It's no secret that cool, comfy workplaces make for more productive employees, so we're guessing the people who go to work everyday at this vibrant office in Melbourne, Australia must be incredibly fruitful. Originally built in 1889, the Goods Shed building stood derelict for over 30 years before it was transformed into the bright, spacious workspace you see above by BVN Architecture in 2009. In addition to being a shining example of renovation and adaptive reuse, featuring many of the building's original features like high ceilings, clerestory windows, exposed trusses, cast iron heritage columns and exposed brickwork, Goods Shed North is also Victoria’s most sustainable historic building - if you need proof, check out its 5 Star Green Star (Australian LEED Certification) rating.
The clients, VicUrban and Building Commission & Plumbing Industry Commission (BC/PIC) are both known for their commitment to the environment, so they wanted their new workplaces to walk that walk that they talk. Accordingly, preference was given to building materials that have eco-friendly content, low embodied energy, recycled content, minimized volatile compound content, and minimal amounts of PVC content.
In addition, they tried to use less new material, and reused many of the heritage elements from the existing site. For VicUrban, old doors taken out of the shed were cleaned and hung as cool backdrops in the reception area and original slate salvaged from the roof was cleaned and hung as a feature wall. Even old tracks were recycled as fun decor details, and in BC/PIC, an old railway switch from the Shed is now on display at the entrance.

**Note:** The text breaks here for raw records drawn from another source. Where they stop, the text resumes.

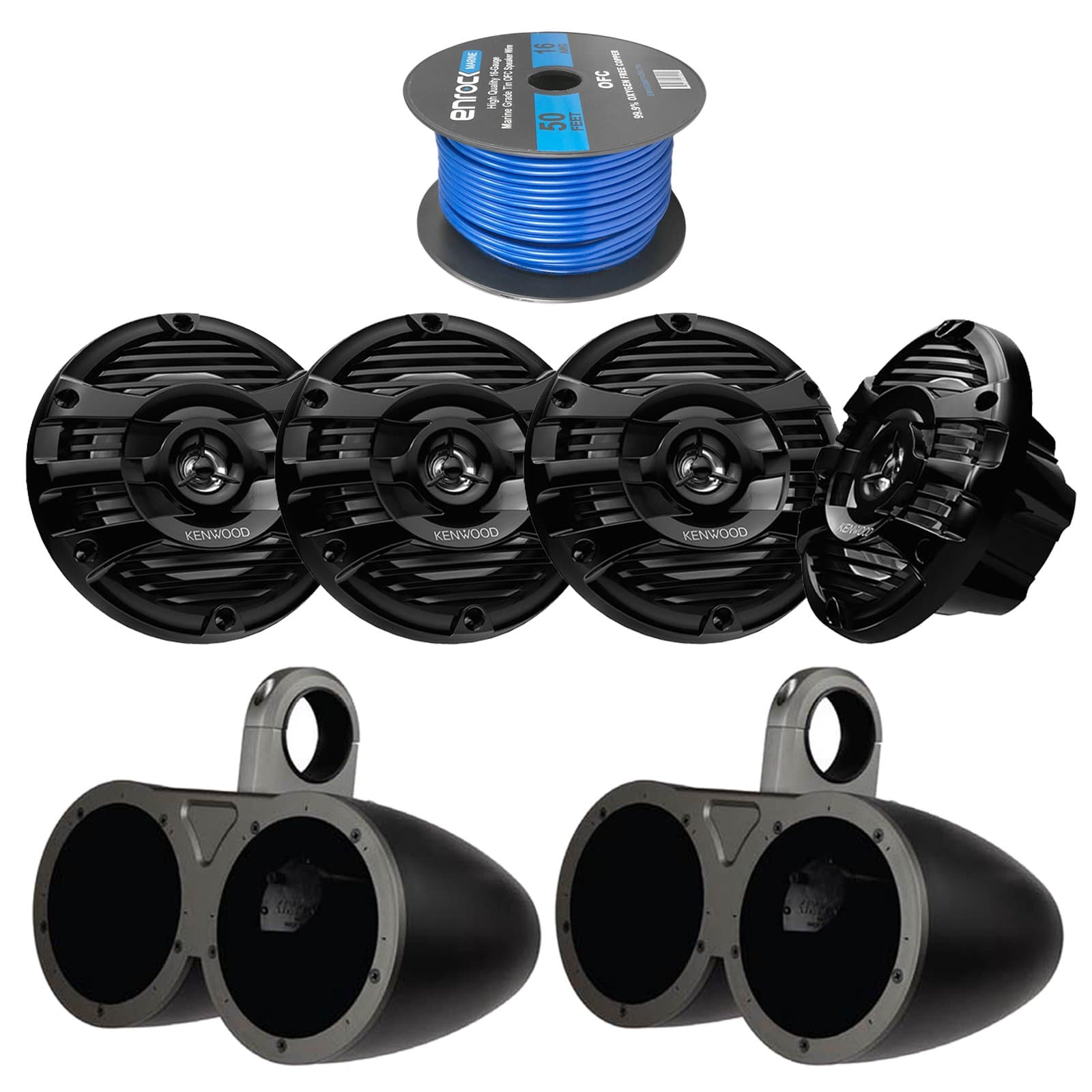 4X Kicker 6.5" Dual Marine Black Weather-Proof Speakers Tower Enclosures, 4X Kenwood 6.5" 2 Way Marine Black 150W Speaker System, Enrock Audio Marine 50 Foot 16-Gauge Speaker Wire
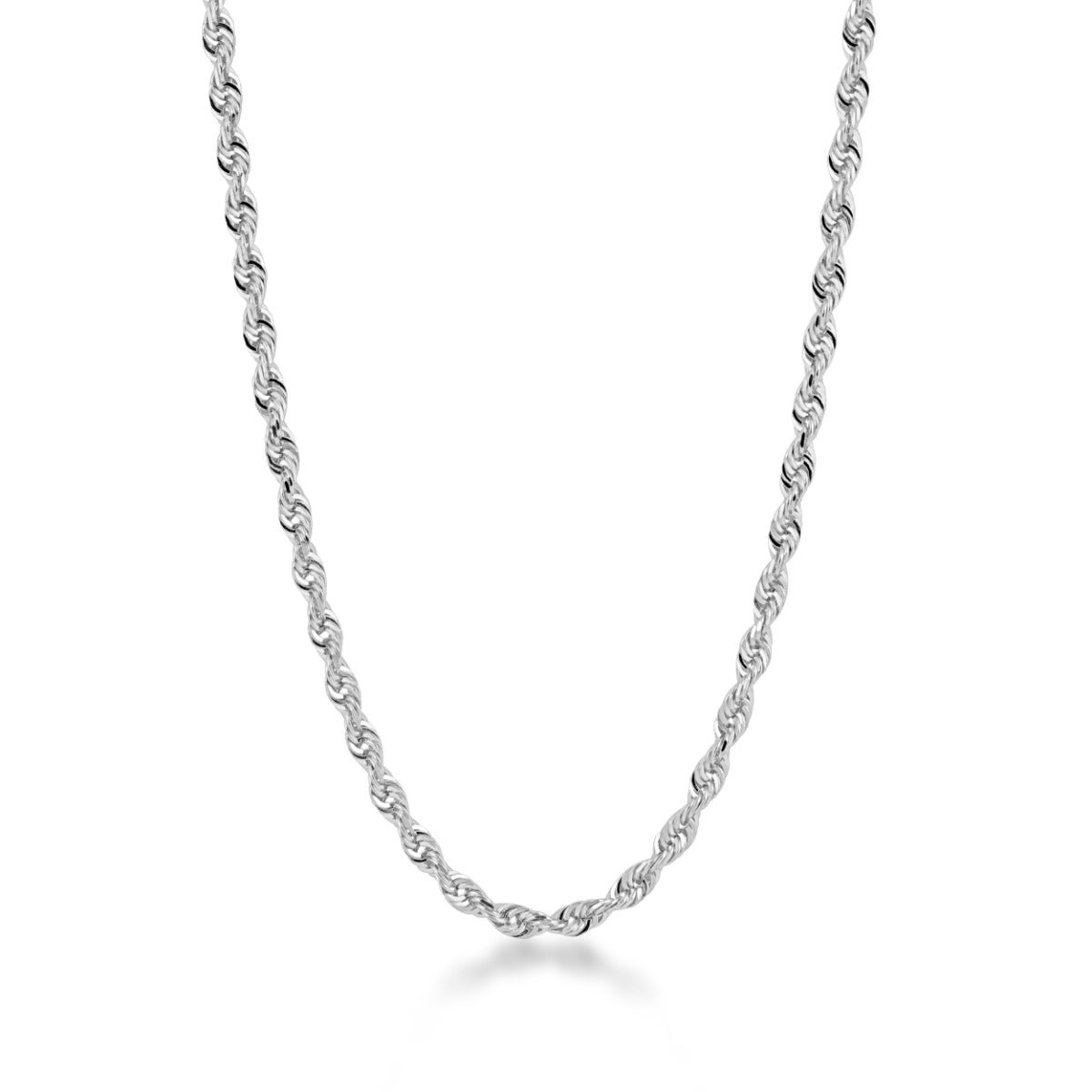 white gold diamond cut rope chain necklace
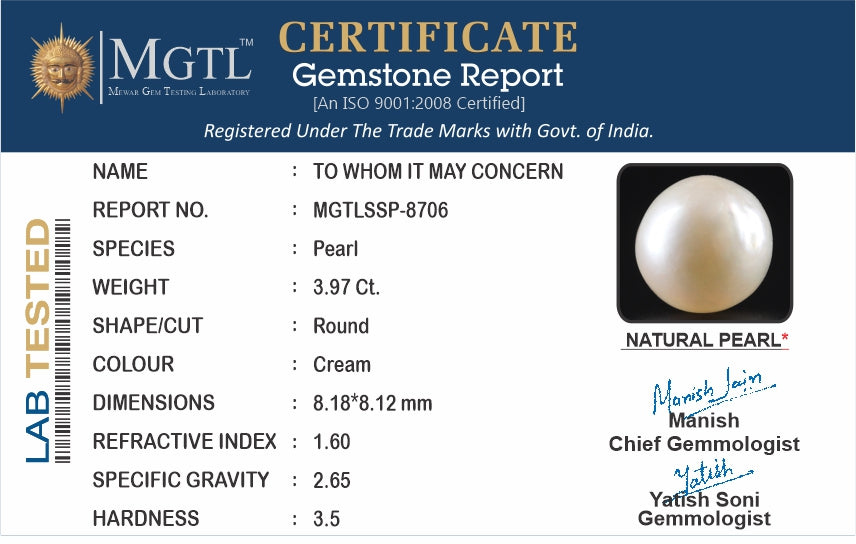 South Sea Pearl - 3.97 Carat Prime Quality SSP-8706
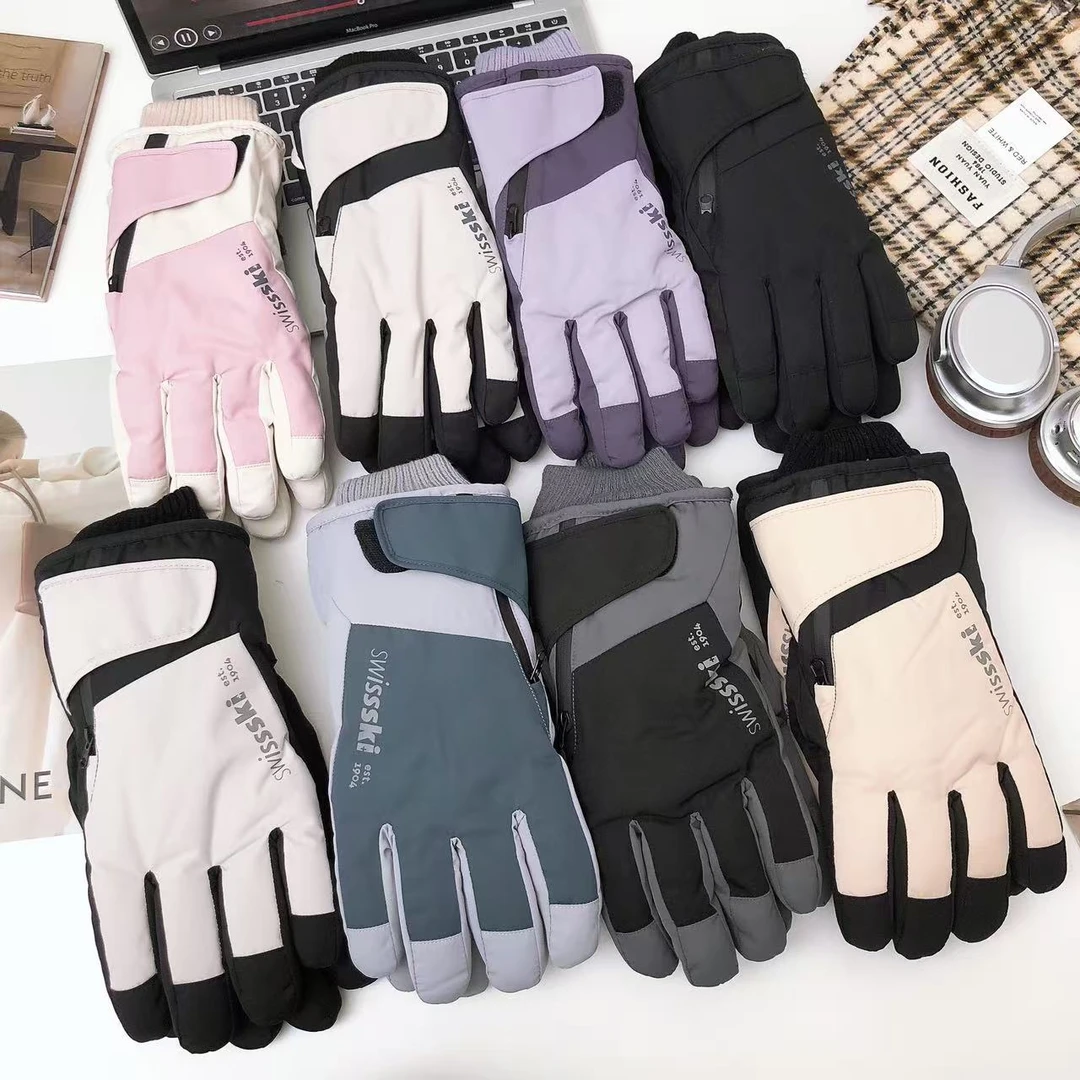 【零下30带拉链】触屏滑雪手套加绒保暖骑行电动车防风防寒防水手套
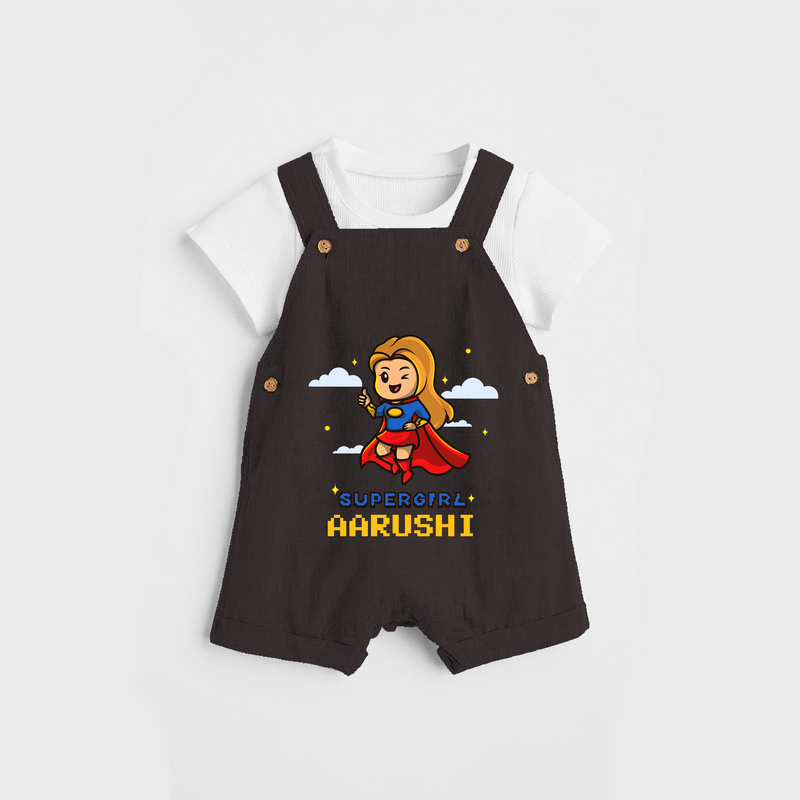 Celebrate The Super Kids Theme With  "Super Girl" Personalized Dungaree set for your Baby - CHOCOLATE BROWN - 0 - 5 Months Old (Chest 17")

Of the other products used, black steel and recycled timber made up a large part and rubber/eco-vinyl flooring in lieu of carpets enhanced the ‘warehouse’ aesthetic.
“The refurbishment of the Goods Shed North will raise the bar in environmental design by creating an economically feasible sustainable design, incorporating state-of-the-art office accommodation in an historic building,” Victorian Planning Minister Justin Madden said.